- Opening Delimiter -

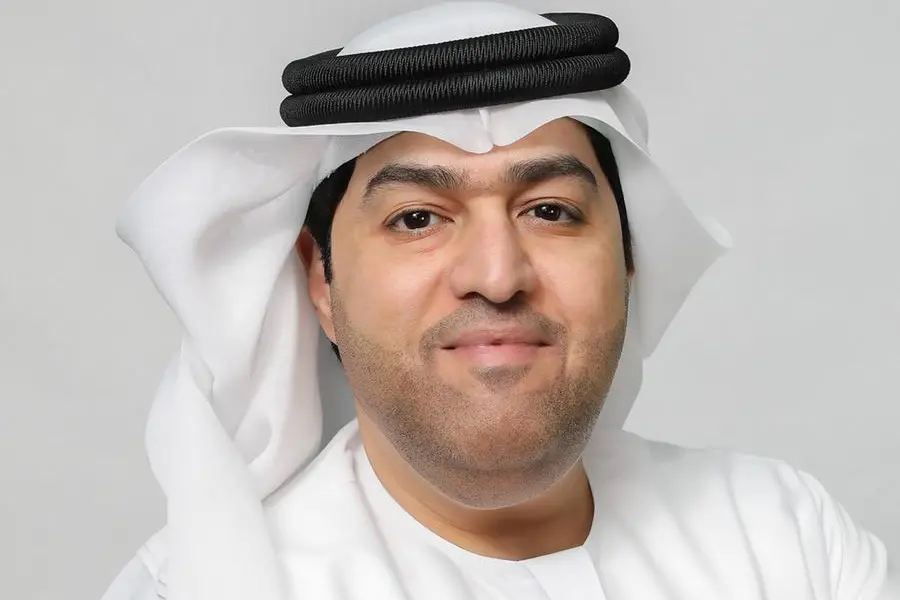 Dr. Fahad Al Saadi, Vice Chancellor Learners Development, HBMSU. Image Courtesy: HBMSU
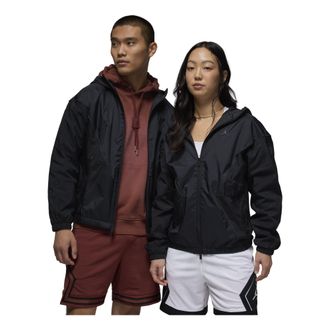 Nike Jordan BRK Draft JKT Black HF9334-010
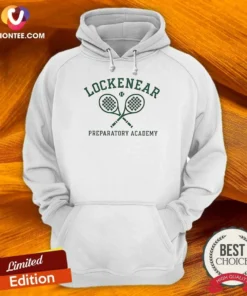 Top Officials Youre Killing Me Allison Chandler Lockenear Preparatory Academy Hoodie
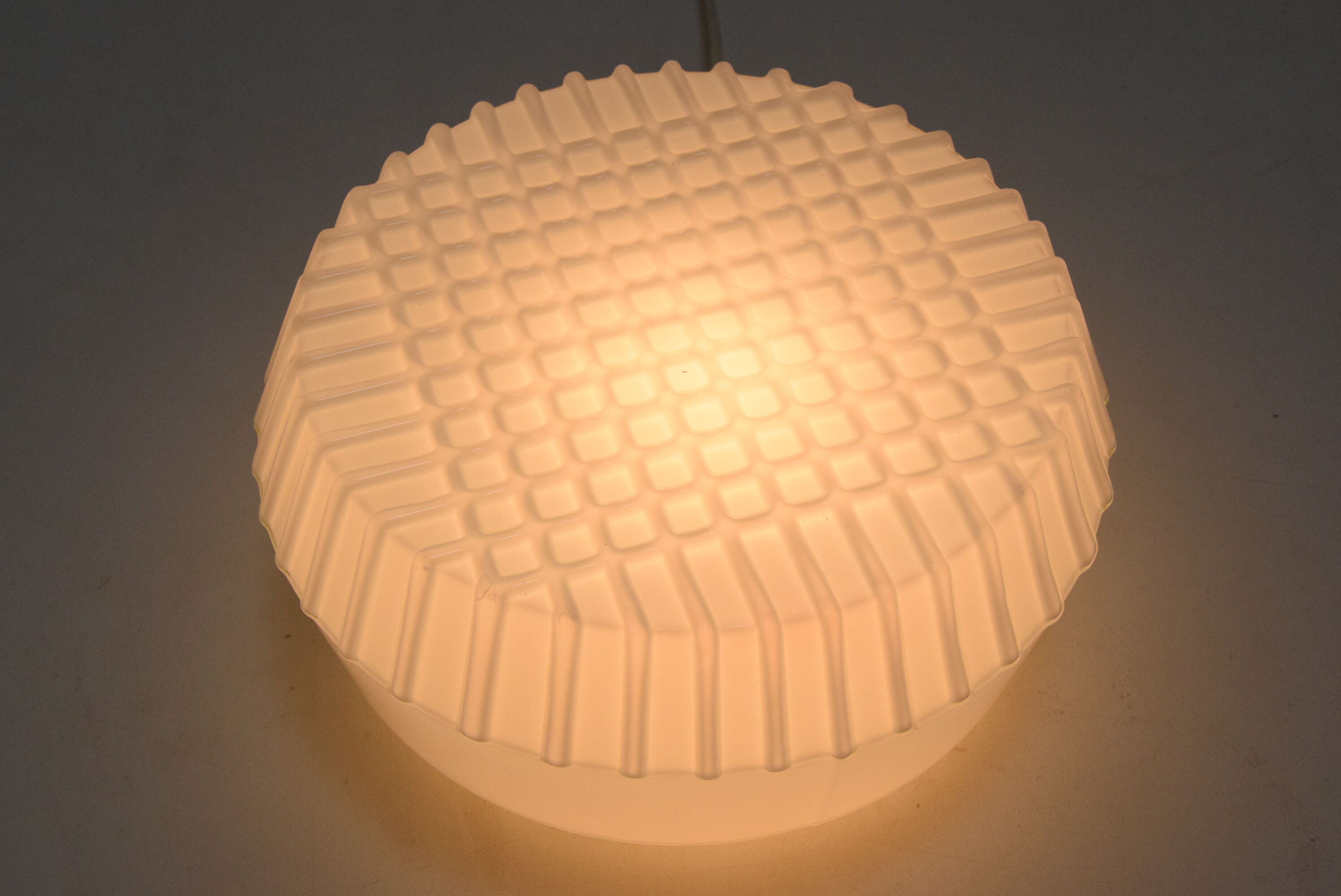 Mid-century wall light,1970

- Closing Delimiter -

**EXERCISE PROMPT**
Provide the listing above once more, exactly, with the pictures removed.

**RESULT OF THE TASK**
 Dr. Fahad Al Saadi, Vice Chancellor Learners Development, HBMSU. Image Courtesy: HBMSU
 Nike Jordan BRK Draft JKT Black HF9334-010
 Top Officials Youre Killing Me Allison Chandler Lockenear Preparatory Academy Hoodie
 Mid-century wall light,1970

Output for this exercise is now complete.